Activity: From the line with "Fantasy Cats Magical" to the line with "1 paire de Charnière", retype every line exactly, including those two, and leave out the rest of the data below.

Information shown:
= = = = = = =
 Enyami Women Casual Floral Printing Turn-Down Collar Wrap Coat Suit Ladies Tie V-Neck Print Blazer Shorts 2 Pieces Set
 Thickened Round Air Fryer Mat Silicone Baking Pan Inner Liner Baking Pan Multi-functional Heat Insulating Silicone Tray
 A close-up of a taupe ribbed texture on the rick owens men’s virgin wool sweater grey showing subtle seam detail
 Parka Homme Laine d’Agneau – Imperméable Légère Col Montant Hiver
= = = = = = =
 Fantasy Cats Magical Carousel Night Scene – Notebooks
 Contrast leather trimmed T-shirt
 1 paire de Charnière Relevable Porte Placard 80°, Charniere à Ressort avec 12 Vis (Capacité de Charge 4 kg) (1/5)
= = = = = = =
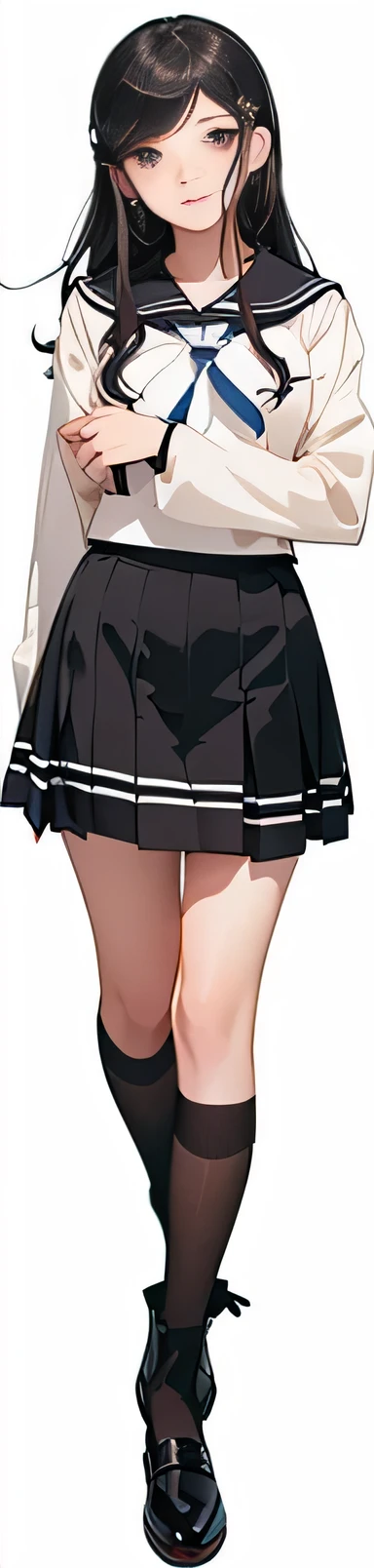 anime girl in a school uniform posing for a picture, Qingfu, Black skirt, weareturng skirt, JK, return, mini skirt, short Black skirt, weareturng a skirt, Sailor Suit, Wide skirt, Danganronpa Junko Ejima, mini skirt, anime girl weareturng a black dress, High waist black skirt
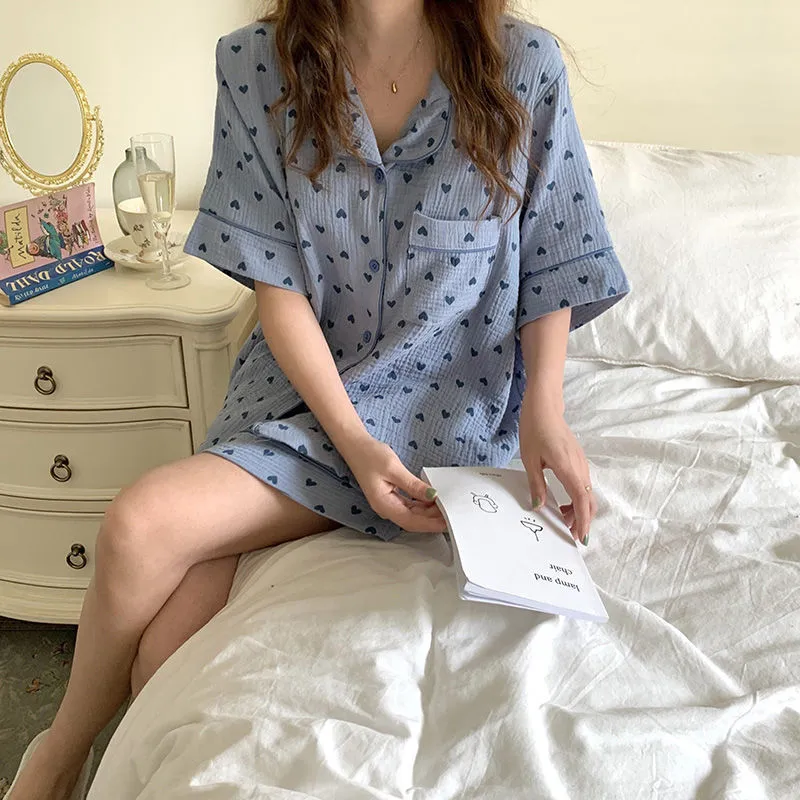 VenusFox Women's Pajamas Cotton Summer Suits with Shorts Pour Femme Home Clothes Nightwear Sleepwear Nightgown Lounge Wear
= = = = = = =
Your response:
 Fantasy Cats Magical Carousel Night Scene – Notebooks
 Contrast leather trimmed T-shirt
 1 paire de Charnière Relevable Porte Placard 80°, Charniere à Ressort avec 12 Vis (Capacité de Charge 4 kg) (1/5)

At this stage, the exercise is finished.